_Exercise brief_
Take every line from the records below that includes the word "background".

_Information given_
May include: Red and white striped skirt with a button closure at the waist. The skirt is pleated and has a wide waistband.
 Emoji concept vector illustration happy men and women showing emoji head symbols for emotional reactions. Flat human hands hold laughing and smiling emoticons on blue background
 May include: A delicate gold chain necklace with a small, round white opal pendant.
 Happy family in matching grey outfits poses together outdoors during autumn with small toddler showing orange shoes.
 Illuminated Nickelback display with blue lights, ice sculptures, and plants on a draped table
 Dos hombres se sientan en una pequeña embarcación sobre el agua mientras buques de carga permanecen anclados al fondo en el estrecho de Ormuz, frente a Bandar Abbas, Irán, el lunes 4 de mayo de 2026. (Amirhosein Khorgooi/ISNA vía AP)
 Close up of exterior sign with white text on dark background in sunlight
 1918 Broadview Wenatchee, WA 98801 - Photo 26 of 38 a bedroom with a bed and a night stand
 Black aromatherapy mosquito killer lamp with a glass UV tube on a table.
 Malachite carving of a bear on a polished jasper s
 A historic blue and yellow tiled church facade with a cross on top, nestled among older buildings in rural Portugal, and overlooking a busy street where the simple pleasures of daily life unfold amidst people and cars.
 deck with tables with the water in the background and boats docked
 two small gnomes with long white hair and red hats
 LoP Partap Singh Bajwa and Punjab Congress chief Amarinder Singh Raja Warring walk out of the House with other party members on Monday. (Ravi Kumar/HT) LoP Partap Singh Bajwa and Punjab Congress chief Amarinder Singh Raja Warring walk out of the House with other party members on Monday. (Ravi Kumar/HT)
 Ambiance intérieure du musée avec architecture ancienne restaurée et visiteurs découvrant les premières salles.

_Finished task_
 Emoji concept vector illustration happy men and women showing emoji head symbols for emotional reactions. Flat human hands hold laughing and smiling emoticons on blue background
 Close up of exterior sign with white text on dark background in sunlight
 deck with tables with the water in the background and boats docked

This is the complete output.